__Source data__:
BEGIN
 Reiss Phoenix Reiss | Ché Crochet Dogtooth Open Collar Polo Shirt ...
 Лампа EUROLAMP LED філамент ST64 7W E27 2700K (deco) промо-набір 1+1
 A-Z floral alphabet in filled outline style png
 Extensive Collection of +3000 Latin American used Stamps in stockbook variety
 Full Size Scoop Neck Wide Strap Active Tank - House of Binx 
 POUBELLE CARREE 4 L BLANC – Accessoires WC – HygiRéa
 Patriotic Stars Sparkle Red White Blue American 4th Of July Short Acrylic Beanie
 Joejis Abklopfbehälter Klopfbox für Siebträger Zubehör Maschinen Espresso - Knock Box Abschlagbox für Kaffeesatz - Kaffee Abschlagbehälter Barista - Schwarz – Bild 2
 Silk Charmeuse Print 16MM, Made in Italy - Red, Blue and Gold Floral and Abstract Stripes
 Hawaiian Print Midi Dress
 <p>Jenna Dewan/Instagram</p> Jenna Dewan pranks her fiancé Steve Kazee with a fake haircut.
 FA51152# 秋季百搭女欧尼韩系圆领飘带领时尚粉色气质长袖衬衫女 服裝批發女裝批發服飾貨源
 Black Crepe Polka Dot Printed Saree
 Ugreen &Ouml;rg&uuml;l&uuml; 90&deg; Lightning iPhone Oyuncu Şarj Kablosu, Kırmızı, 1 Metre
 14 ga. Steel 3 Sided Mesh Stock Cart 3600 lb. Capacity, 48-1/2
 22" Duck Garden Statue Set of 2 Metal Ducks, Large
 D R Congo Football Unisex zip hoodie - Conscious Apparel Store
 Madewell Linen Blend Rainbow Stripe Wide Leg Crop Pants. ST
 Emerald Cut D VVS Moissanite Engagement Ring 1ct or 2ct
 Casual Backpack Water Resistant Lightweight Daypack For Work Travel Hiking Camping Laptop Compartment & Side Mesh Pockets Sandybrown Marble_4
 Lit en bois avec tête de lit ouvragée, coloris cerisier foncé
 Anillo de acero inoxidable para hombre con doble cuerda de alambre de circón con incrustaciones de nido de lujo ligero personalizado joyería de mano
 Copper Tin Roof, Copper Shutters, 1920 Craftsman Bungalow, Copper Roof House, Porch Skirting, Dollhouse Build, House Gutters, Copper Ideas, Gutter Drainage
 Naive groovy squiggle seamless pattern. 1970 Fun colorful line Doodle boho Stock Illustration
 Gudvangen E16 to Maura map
END
__Work item__: Exactly reproduce every line found in the records.

__Answer__:
 Reiss Phoenix Reiss | Ché Crochet Dogtooth Open Collar Polo Shirt ...
 Лампа EUROLAMP LED філамент ST64 7W E27 2700K (deco) промо-набір 1+1
 A-Z floral alphabet in filled outline style png
 Extensive Collection of +3000 Latin American used Stamps in stockbook variety
 Full Size Scoop Neck Wide Strap Active Tank - House of Binx 
 POUBELLE CARREE 4 L BLANC – Accessoires WC – HygiRéa
 Patriotic Stars Sparkle Red White Blue American 4th Of July Short Acrylic Beanie
 Joejis Abklopfbehälter Klopfbox für Siebträger Zubehör Maschinen Espresso - Knock Box Abschlagbox für Kaffeesatz - Kaffee Abschlagbehälter Barista - Schwarz – Bild 2
 Silk Charmeuse Print 16MM, Made in Italy - Red, Blue and Gold Floral and Abstract Stripes
 Hawaiian Print Midi Dress
 <p>Jenna Dewan/Instagram</p> Jenna Dewan pranks her fiancé Steve Kazee with a fake haircut.
 FA51152# 秋季百搭女欧尼韩系圆领飘带领时尚粉色气质长袖衬衫女 服裝批發女裝批發服飾貨源
 Black Crepe Polka Dot Printed Saree
 Ugreen &Ouml;rg&uuml;l&uuml; 90&deg; Lightning iPhone Oyuncu Şarj Kablosu, Kırmızı, 1 Metre
 14 ga. Steel 3 Sided Mesh Stock Cart 3600 lb. Capacity, 48-1/2
 22" Duck Garden Statue Set of 2 Metal Ducks, Large
 D R Congo Football Unisex zip hoodie - Conscious Apparel Store
 Madewell Linen Blend Rainbow Stripe Wide Leg Crop Pants. ST
 Emerald Cut D VVS Moissanite Engagement Ring 1ct or 2ct
 Casual Backpack Water Resistant Lightweight Daypack For Work Travel Hiking Camping Laptop Compartment & Side Mesh Pockets Sandybrown Marble_4
 Lit en bois avec tête de lit ouvragée, coloris cerisier foncé
 Anillo de acero inoxidable para hombre con doble cuerda de alambre de circón con incrustaciones de nido de lujo ligero personalizado joyería de mano
 Copper Tin Roof, Copper Shutters, 1920 Craftsman Bungalow, Copper Roof House, Porch Skirting, Dollhouse Build, House Gutters, Copper Ideas, Gutter Drainage
 Naive groovy squiggle seamless pattern. 1970 Fun colorful line Doodle boho Stock Illustration
 Gudvangen E16 to Maura map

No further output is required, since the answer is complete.